The highways and byways of the U.S. could hardly be further from Flynn’s home parish, a tiny community in the Torres Strait (between northern Australia and Papua New Guinea).

Thursday Island is less than 5 square kilometers, does not even boast a airstrip, and has a population of just 4,000 people. It’s not unusual to hold mass for a dozen congregants, he said.

Flynn participated in the first march, in 1995, and walked for a week during last year’s event. This year, at age 62, he did the whole thing – blisters and all – “trying to keep up with 22-year olds.”

The group comprised a day team and a night team, walking 60-70 miles a day.

“To some extent it’s a political protest march, but mostly it’s a prayer walk. We walk, say prayers, talk to each other, and when we bump into people, we talk to them about the sacredness of life. In the Catholic tradition, we believe the pain we suffer can be used by God to conquer evil.”

Flynn said the group had encountered some abuse, some of it happened when their pro-life T-shirts upset people inside food stores.

But the young people, he said, had enthusiastically and articulately presented the pro-life argument whenever possible.

As under-30s, the “kids” would note that they were born after abortion was legalized in the U.S. in 1973, and describe themselves as “survivors” of an assault that kills one-third of American babies in the womb.

On the whole, Flynn said the response was positive, and he enjoyed meeting “some lovely Catholic families.”

“There’s a lot of holiness in the U.S.A. I think God’s more visible here than He is in my homeland, although it saddens me to say it. There’s a lot of good things happening in the United States.”

Of the young people he has spent the last two months with, the Australian said he found them “very holy, very prayerful – they challenged me in lots of ways, and I was supposed to be their chaplain.”

But of course there were difficulties too.

“Going camping with university students for eight or nine weeks, confined in a big RV caravan – a different culture, a different sense of humor, different eating habits, a different noise level … coming back at two in the morning and finding your sleeping bag’s disappeared and there’s nowhere to sleep …”

One of Flynn’s fellow walkers, 19-year-old New Jersey native J.D. Flynn (no relation), said the “amazing priest” had been a real asset to the team.

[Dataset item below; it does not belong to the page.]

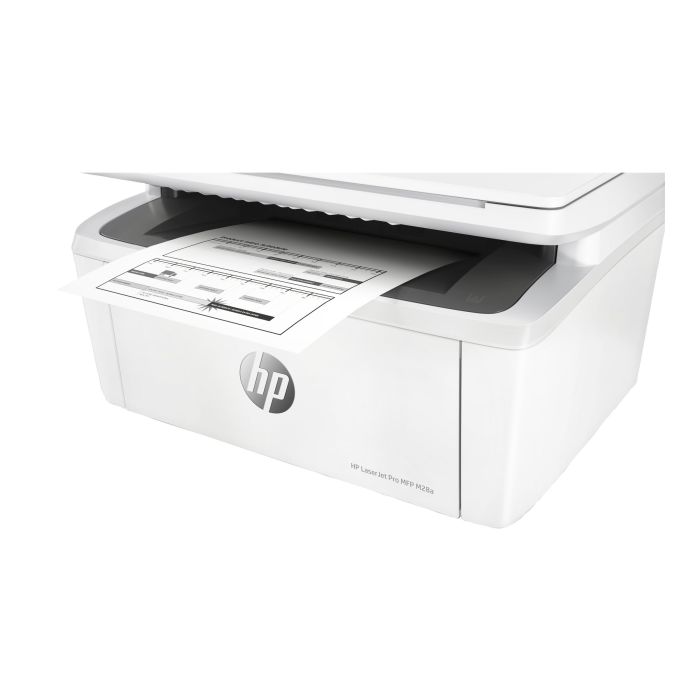 HP LaserJet Pro MFP M28a – S/W MFP A4, USB, Scannen, kopieren, ohne Toner, 122034 122035 122040 122041, by HP HP LaserJet Pro MFP M28a – S/W MFP A4, USB, Scannen, kopieren, ohne Toner, 122034 122035 122040 122041, by HP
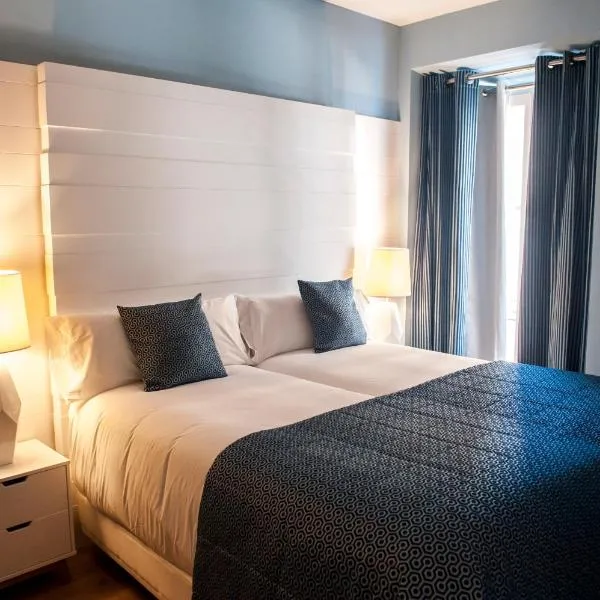 Apartamentos Art Suite Santander, hotel in Santander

“I think it’s a result of his being an Australian – he’s amazingly laid-back, relaxed and calm and collected, taking things as they come. That’s been a real calming influence on all of us.”

Having someone from so far away participating in the walk, Flynn said, had also helped to reinforce the “universality of our message.”

“Having the father with us reminds us that the culture of death is not something that’s just in our own country,” added the student, who is studying philosophy and theology.

The walk had been a wonderful experience, he said. “The church calls on us to help bring about a culture of life. Knowing we’re doing God’s work is a really rewarding feeling.”

Around 300,000 youths are expected to participate in this week’s WYD events in Toronto. Pope John Paul II arrived Tuesday to join the young pilgrims.